What do amateur astronomers look at in their telescopes? Planets, double stars, asteroids, comets and deep sky objects. Deep sky is shorthand for galaxies, stellar birth clouds called nebulae and star clusters. You’re probably familiar with a few like the Orion Nebula, the Pleiades star cluster (a.k.a. the Seven Sisters) and Andromeda Galaxy.
Tonight, we’re going to look at a juicy one, an object known simply as M4, the fourth deep sky object in a catalog of 110 objects compiled by 18th century astronomer Charles Messier. Messier was obsessed with hunting for comets but kept running into other glowy stuff — galaxies, nebulae, etc. — that he mistook for his favorite fuzzies. To avoid confusion, he cataloged the comet imposters. Ironically, despite his passion for comet hunting and the discovery of 13 comets, his catalog has become the source of his fame today. All beginning and amateur astronomers cut their teeth hunting up Messier objects, many of which comprise the brightest and best the deep sky has to offer.
Summer brings tons of stuff to look at through the telescope because the brightest swath of the Milky Way rises in the east this time of year and remains well-placed for deep sky mining all season and into the next. One of the brightest and easiest Messier objects is the globular cluster M4 in the constellation Scorpius the Scorpion.
Globulars, pronounced GLOB-you-ler, are the stellar equivalent of a busy beehive. Containing anywhere from tens of thousands to 10 million stars, they’re densely packed into the shape of a sphere. Most globulars don’t rotate like the Earth does, and the stars move randomly, affected by the gravitational pull of its neighbors. But they all hang together as big popcorn balls in the outer halo of the Milky Way galaxy, taking eons to revolve above its core. We know of 152 of them in our galaxy and have spotted thousands more in others.
The closest at 7,200 light years and also one of the brightest is M4. So easy to find, you simply have to identify the bright, red-orange star Antares in Scorpius. In mid-June, Antares is up 2 fists high in the south-southeastern sky around 10:30 p.m. Three fists up if you live in the southern U.S. While the cluster is visible as a faint spot with the naked eye under the darkest skies, even pair of 35mm binoculars will pop it into view just 1.3° west (right) of Antares.

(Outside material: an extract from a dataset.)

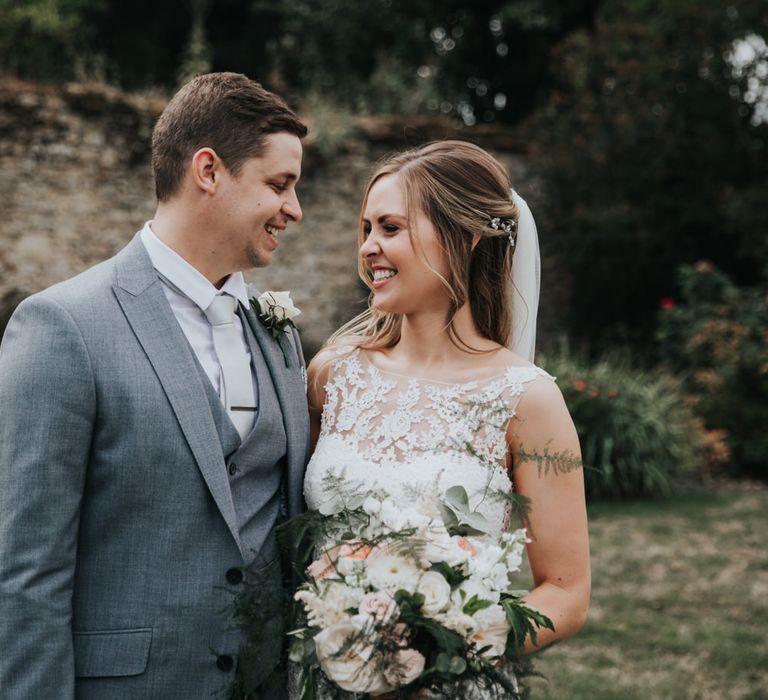 Groom in grey suit and bride in fitted wedding dress with lace illusion bodice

Find Antares and then focus the star sharply in binoculars. Now look a short distance just to its right and a little below. Assuming you’re observing from reasonably dark skies (not downtown!) you should see a fuzzy patch of haze like a star that doesn’t come to focus. That’s it! Binoculars aren’t powerful enough to resolve the cluster into individual stars. Instead they blend together into a uniform glow.
But the reality is the cluster spans some 50 light years and contains more than 20,000 stars. We see it as it was over 7,000 years ago about the time the wheel was invented and humans began experimenting with writing. Yes, it’s still there in 2017! Stars in globular clusters live lives measuring in many billions of years, so a few thousand hardly makes a difference.
Close and bright, M4 was the first globular cluster in which individual stars were resolved. Even a 6-inch telescope will show them heaped like tiny sugar crystals in the bowl of a spoon on moonless nights. I encourage telescope owners to shoot over to M4 after looking at Saturn. It’s a must-see deep sky object. When you bring up the magnification to 150x or higher, a row of brighter stars runs north-south across the center of the cluster. It looks like a zipper to my eyes.
Giant telescopes uncover additional treasures within this starry disco ball including the 12-13 billion-year-old white dwarfs (burned out stars), the oldest so far discovered in the galaxy and a city-sized neutron star spinning at the rate of 300 times a second and beaming powerful pulses of radiation into space.
It’s all there for you to see and ponder on breezy summer nights.